### WHAT TO DO
Your answer is the lines below, exactly, from the one that contains "A quick note" through the one that contains "Post-entry, or re-entry, is", both included.

### RECORDS FOR THE TASK

--- START ---

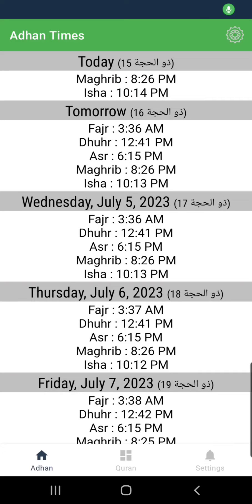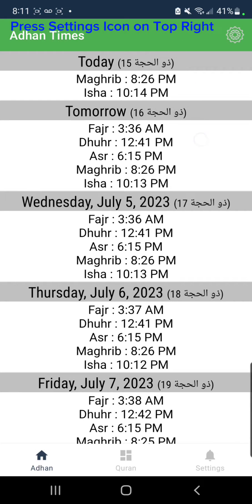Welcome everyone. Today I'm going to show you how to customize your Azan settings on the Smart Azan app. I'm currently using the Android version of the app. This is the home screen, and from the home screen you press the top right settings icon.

--- END ---
--- START ---

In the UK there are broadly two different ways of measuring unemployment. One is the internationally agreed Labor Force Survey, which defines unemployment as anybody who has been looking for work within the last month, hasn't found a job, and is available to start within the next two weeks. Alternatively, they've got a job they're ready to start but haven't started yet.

--- END ---
--- START ---

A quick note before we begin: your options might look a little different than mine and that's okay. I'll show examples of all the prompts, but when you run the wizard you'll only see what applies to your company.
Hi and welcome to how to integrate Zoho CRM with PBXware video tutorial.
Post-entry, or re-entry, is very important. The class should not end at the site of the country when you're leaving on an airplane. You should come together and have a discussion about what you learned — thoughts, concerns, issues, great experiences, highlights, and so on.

--- END ---

### WRITTEN SOLUTION
A quick note before we begin: your options might look a little different than mine and that's okay. I'll show examples of all the prompts, but when you run the wizard you'll only see what applies to your company.
Hi and welcome to how to integrate Zoho CRM with PBXware video tutorial.
Post-entry, or re-entry, is very important. The class should not end at the site of the country when you're leaving on an airplane. You should come together and have a discussion about what you learned — thoughts, concerns, issues, great experiences, highlights, and so on.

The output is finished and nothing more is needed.